The 20th of June Microsoft-owned Mojang announced that NFTs and blockchain technology would no longer be allowed to “integrate” with Minecraft. That was bad news for NFT Worldswho have spent months building an entire crypto-economy on top of a collection of the randomized seeds needed to make specific Minecraft Map.
Now is the team behind NFT Worlds announced it will create a new game that is “based on many of the core mechanics of “Minecraft” but which will be “completely untethered from the policy enforcement Microsoft and Mojang have endured Minecraft.” NFT Worlds promises its new Minecraft-style games will be built “from scratch” to be familiar with Minecraft players, but now with “the modernization and the active development Minecraft has been missing for years.”

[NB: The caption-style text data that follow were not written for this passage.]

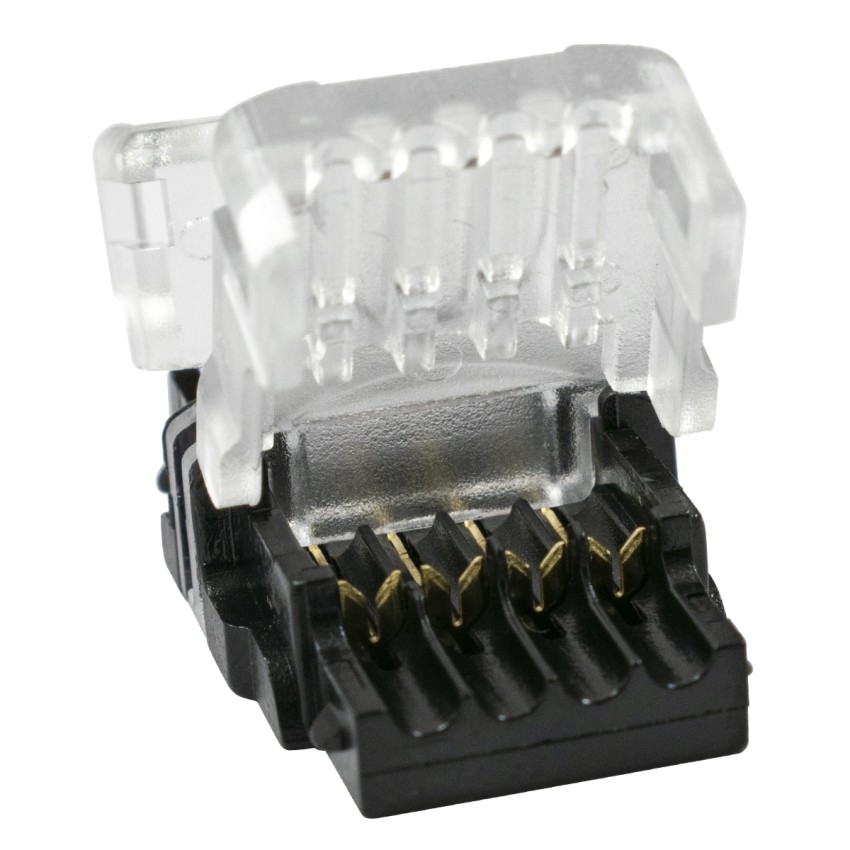GLOBOSTAR® STRIPART  Ενωτικός Ταχυσύνδεσμος για Πολύχρωμη RGB Ταινία LED 4Pin 10mm σε Καλώδιο Τροφοδοσίας 4Pin Αδιάβροχο IP65 - Μ1.5 x Π2.4 x Υ0.8cm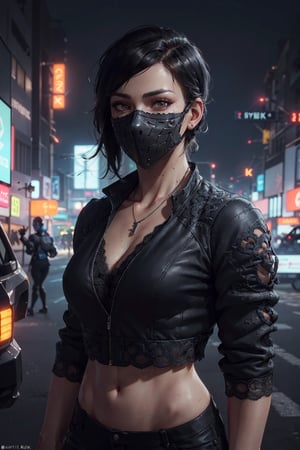 (octane render, best quality, sharp focus, 8k, 4k:1.3), Masterpiece, Best Quality, ((skin texture, realistic skin, extremely detailed, intricate, hyper detailed:1.3)), portrait, sharp detailed, beautiful woman, athletic body, short black hair, colour highlights, bangs((sub zero mask)), ((lace, cropped black jacket)), silver necklace, cyberpunk city at night, (solo)
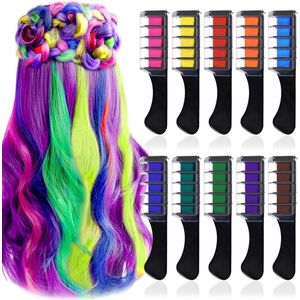 Tijdelijk haarkrijt set - 10 kleuren - Haarkam voor meisjes - Verjaardagscadeau - Cosplay feest - Sjaal voor meisjes - Make-up party - Halloween en Kerst - Met deksel - Wasbare kleur haarkam - Kinderen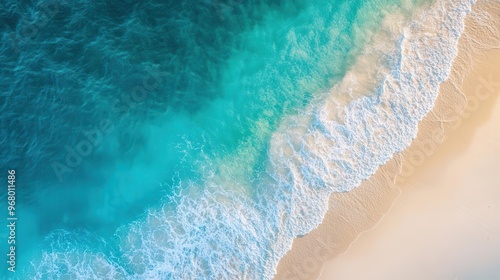 aerial view of crystalclear turquoise ocean waters meeting a pristine white sandy beach gentle waves create mesmerizing patterns on the shoreline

Don’t worry, everything will work out fine
NFT Worlds’ games will always be free to play, the team says, and users won’t need a credit card to purchase additional content. That content will presumably instead be purchased with NFT World’s token if the value has fallen over 60 percent in a week following Mojang’s announcement.
Currently players who own an NFT World issued by NFT Worlds can still use his random seed to play in Minecraft or even host multiplayer sessions on that map, as a Microsoft spokesperson confirmed to Vice. But that’s not saying much since NFT itself never gave exclusive rights to that card any more than writing “World 1-1” on a piece of paper gives ownership rights to the iconic Super Mario Bros. level.
However, under Microsoft’s new rules, NFT World’s blockchain will no longer be able to join Minecraft‘s API. This means that players can no longer craft easily in-game crypto payments denominated in NFT Worlds’ $WRLD token, as well as benefit from other functions coded using NFT World’s API.
The NFT Worlds team says it will prioritize “backwards compatibility with existing Minecraft server development plugins and practices” in its upcoming clone. This means that creators should “continue to build NFT Worlds content” on top Minecraftsays the team, confident that it will work with the new revamped NFT Worlds game whenever it launches.
Thanks to Mojang’s new EULA, however, any further NFT Worlds-related developments in the Minecraft may not involve any “blockchain-based functionality, NFT support or game currency” at the moment. And since those were the core features that defined NFT Worlds’ value as an add-on, it’s unclear what exactly NFT Worlds developers will do until their new Minecraft alternative is available.
You can’t fire us, we quit
NFT Worlds characterizes this new division as “a web2 vs web3 battle … between two different visions of the future of the web” and “a technological battle over who will have ownership of digital assets.” The team presents itself as protectors of the “spirit of innovation through independent creators” while casting Microsoft as a profit-obsessed giant that “will always act in the interests of their shareholders and balance sheet, to the detriment of innovation, player experience and creators.”
On the contrary, Mojang argued last week that projects like NFT Worlds create systems of “digital ownership based on scarcity and exclusion that are inconsistent with Minecraft values of creative inclusion and playing together.” The rules it has put in place that exclude NFTs are intended to “ensure that Minecraft remains a community where everyone has access to the same content,” the company wrote.